• ASSIGNMENT: Restate the data below word for word, and let no image into your version.

• SOURCE MATERIAL:
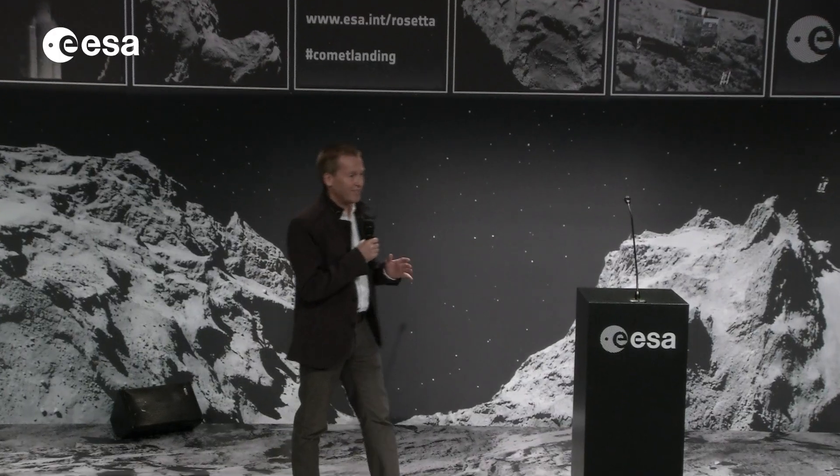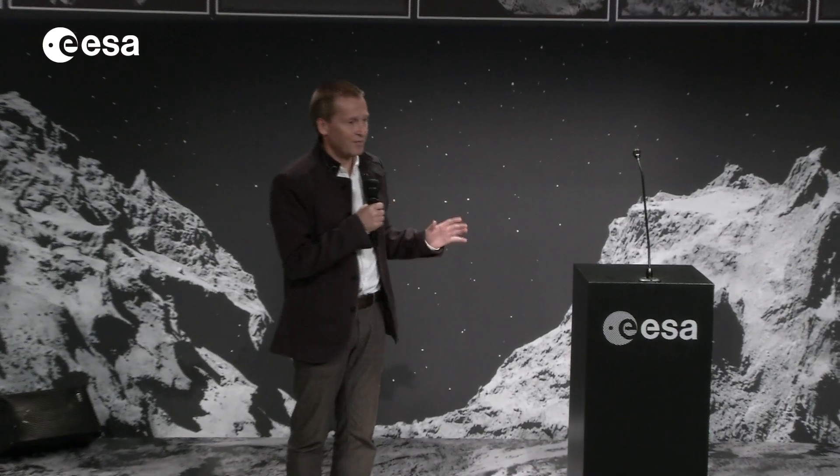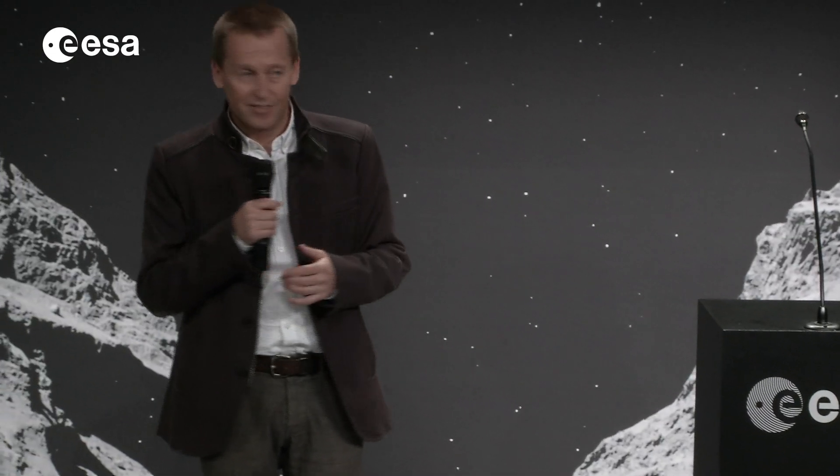So we have the first images taken by the orbiter, by Osiris, coming down straight these minutes.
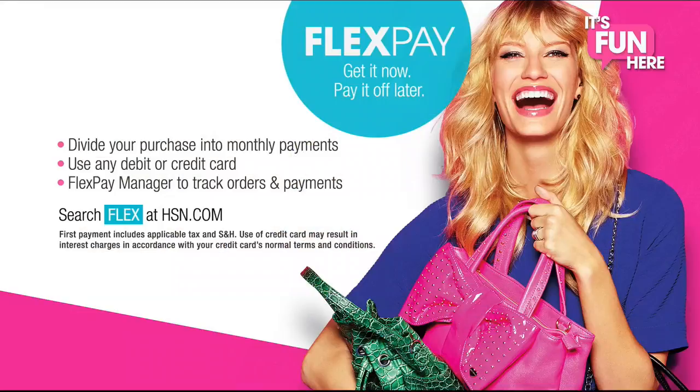Hey there, I'm Sarah Anderson. Tonight we've got all kinds of cutting-edge tech products that every homeowner will love. Sit back and enjoy an evening of HSN's best deals. And when you shop tonight, don't forget to use FlexPay — get it now and pay it off later with absolutely no monthly interest.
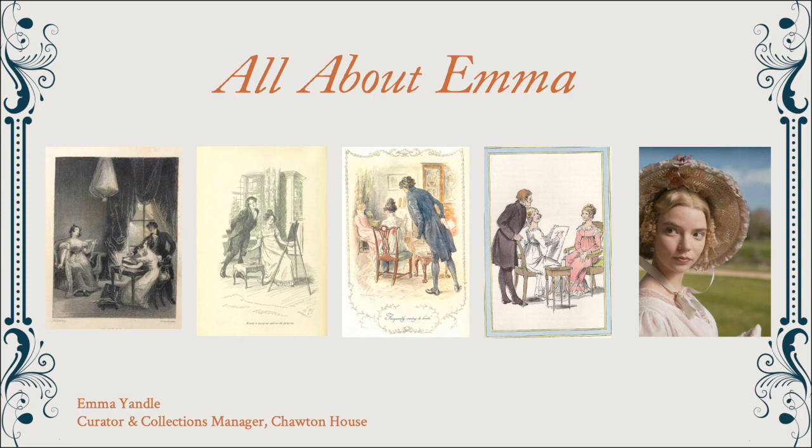My name is Emma Yandel and I'm the Curator and Collections Manager here at Chawton House. I'm going to talk you through a display called 'All About Emma' that I recently curated with our collection. This was inspired by the latest reimagining of Jane Austen's novel Emma in the form of this year's new film adaptation.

• FINISHED EXERCISE:
So we have the first images taken by the orbiter, by Osiris, coming down straight these minutes.
Hey there, I'm Sarah Anderson. Tonight we've got all kinds of cutting-edge tech products that every homeowner will love. Sit back and enjoy an evening of HSN's best deals. And when you shop tonight, don't forget to use FlexPay — get it now and pay it off later with absolutely no monthly interest.
My name is Emma Yandel and I'm the Curator and Collections Manager here at Chawton House. I'm going to talk you through a display called 'All About Emma' that I recently curated with our collection. This was inspired by the latest reimagining of Jane Austen's novel Emma in the form of this year's new film adaptation.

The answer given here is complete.